** Exercise objective **
The pictures are to be dropped, and the records below are to be restated word for word.

[Crawled caption data]
::::

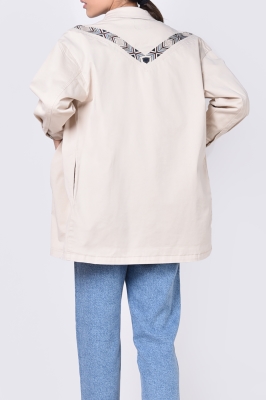 مانتو کتان گلدوزی دار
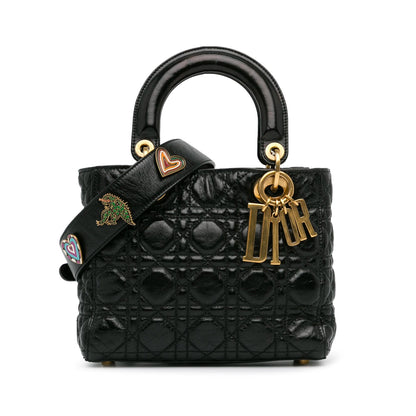 Dior Small Crinkled Patent Cannage Lucky Badges My Lady Dior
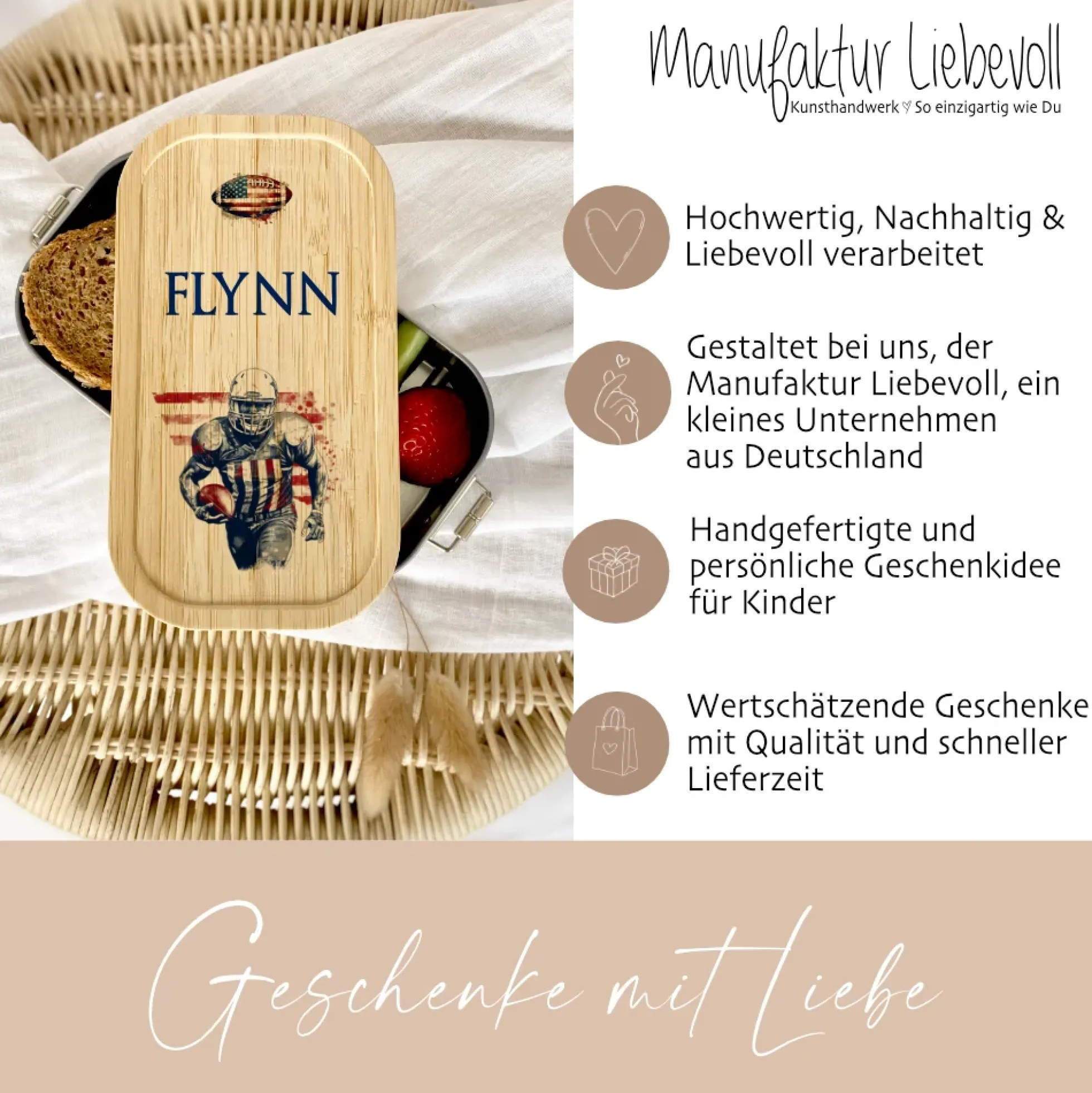 Brotdose "Football" wählbar in Edelstahl mit Bambusdeckel und Namen für Kinder und Teenager | Brotbox mit Footballspieler | Personalisiertes Geschenk für Kinder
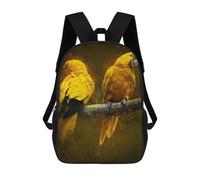 sinyumoney Skull Zaino Stampato 3D Per Bambini, Borsa Da Viaggio Grande Capacità, Borsa Per Libri, Zaino Per Bambini, Giallo Parrot, 17"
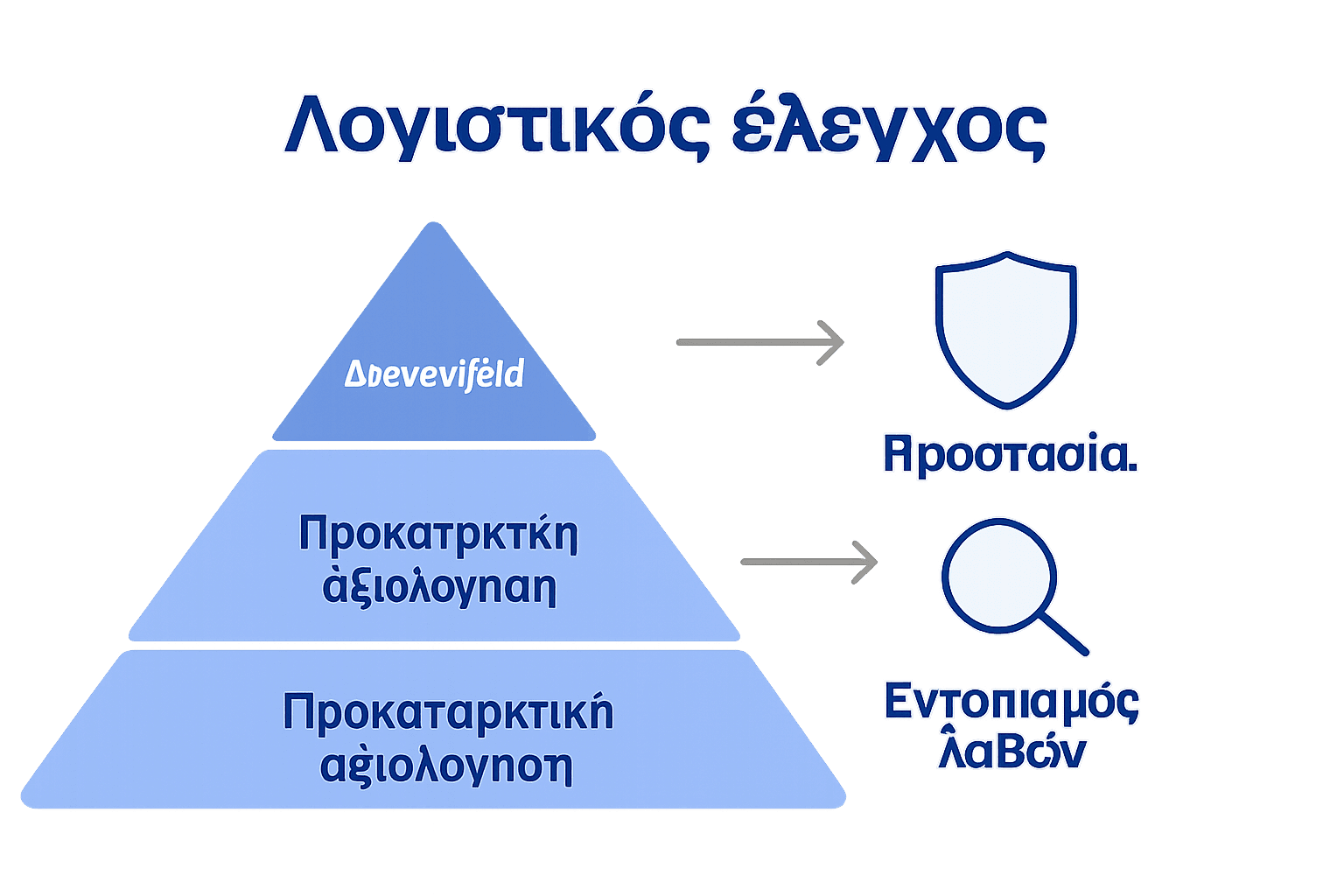Απεικόνιση των σταδίων και οφελών λογιστικού ελέγχου με σύμβολα πυραμίδας και βελών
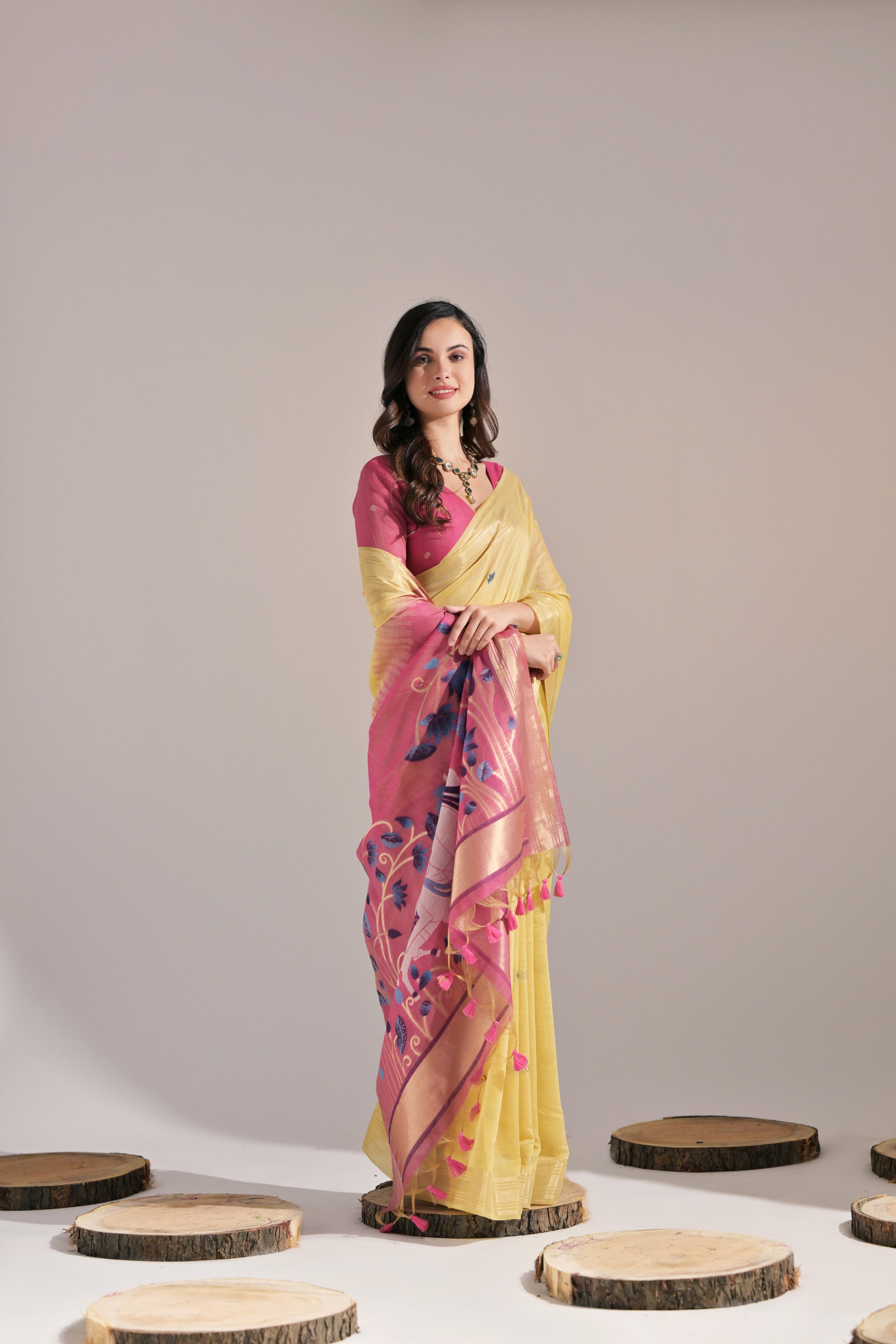Bright-  motifs woven design saree with woven design border muga saree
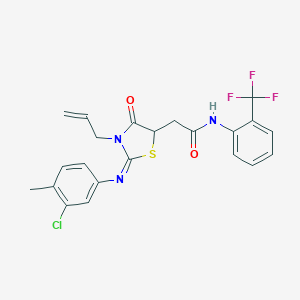 molecular formula C22H19ClF3N3O2S B398048 2-{3-allyl-2-[(3-chloro-4-methylphenyl)imino]-4-oxo-1,3-thiazolidin-5-yl}-N-[2-(trifluoromethyl)phenyl]acetamide 
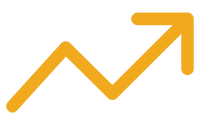 gold line drawing of an upward trend arrow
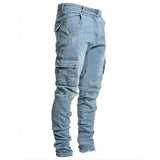 FOESCE Men Street Elastic Denim Jeans Wash Solid Color Multi Pockets Cargo Pants Casual Slim Fit Daily Wear Joggers Mid Waist Trousers
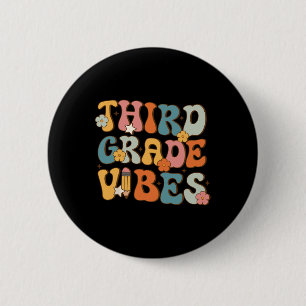 3rd Grade Vibes Back To School Retro Third Grade T 6 Cm Round Badge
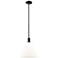 Arcadia Berkshire Glass 12"W Black Stem Pendant w/ Matte White Shade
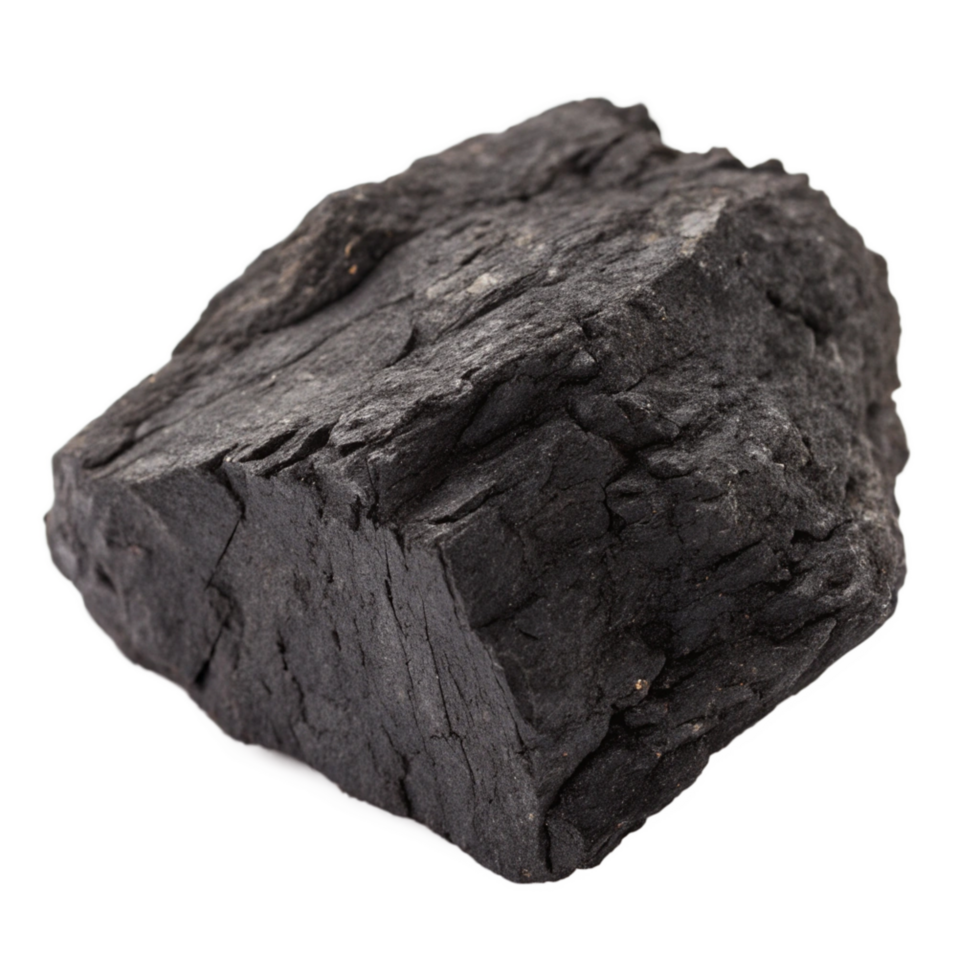 A CloseUp View of a Rough Piece of Black Charcoal with a Rugged Texture png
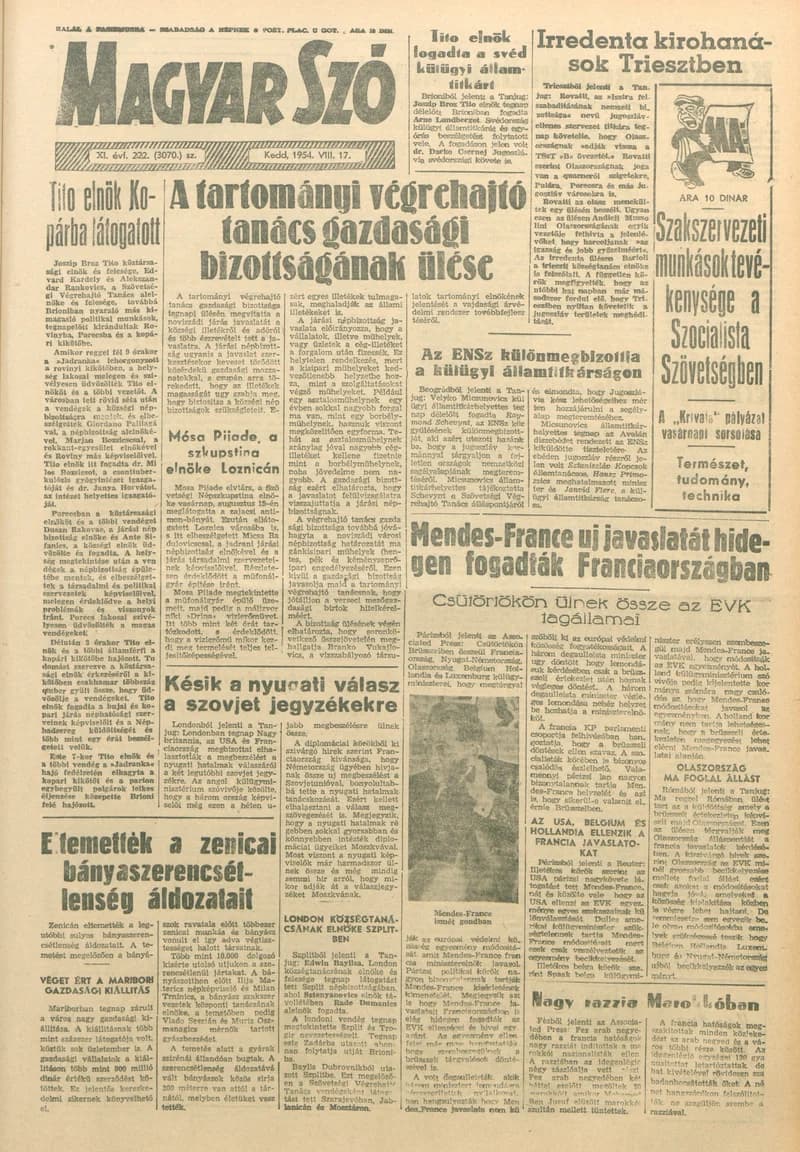 Magyar Szó, 11. évf. 1954. augusztus 16. 221. sz. 1–6. oldal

::::

** The completed task **
 مانتو کتان گلدوزی دار
 Dior Small Crinkled Patent Cannage Lucky Badges My Lady Dior
 Brotdose "Football" wählbar in Edelstahl mit Bambusdeckel und Namen für Kinder und Teenager | Brotbox mit Footballspieler | Personalisiertes Geschenk für Kinder
 sinyumoney Skull Zaino Stampato 3D Per Bambini, Borsa Da Viaggio Grande Capacità, Borsa Per Libri, Zaino Per Bambini, Giallo Parrot, 17"
Απεικόνιση των σταδίων και οφελών λογιστικού ελέγχου με σύμβολα πυραμίδας και βελών
Bright-  motifs woven design saree with woven design border muga saree
 molecular formula C22H19ClF3N3O2S B398048 2-{3-allyl-2-[(3-chloro-4-methylphenyl)imino]-4-oxo-1,3-thiazolidin-5-yl}-N-[2-(trifluoromethyl)phenyl]acetamide 
 gold line drawing of an upward trend arrow
 FOESCE Men Street Elastic Denim Jeans Wash Solid Color Multi Pockets Cargo Pants Casual Slim Fit Daily Wear Joggers Mid Waist Trousers
 3rd Grade Vibes Back To School Retro Third Grade T 6 Cm Round Badge
 Arcadia Berkshire Glass 12"W Black Stem Pendant w/ Matte White Shade
 A CloseUp View of a Rough Piece of Black Charcoal with a Rugged Texture png
 Magyar Szó, 11. évf. 1954. augusztus 16. 221. sz. 1–6. oldal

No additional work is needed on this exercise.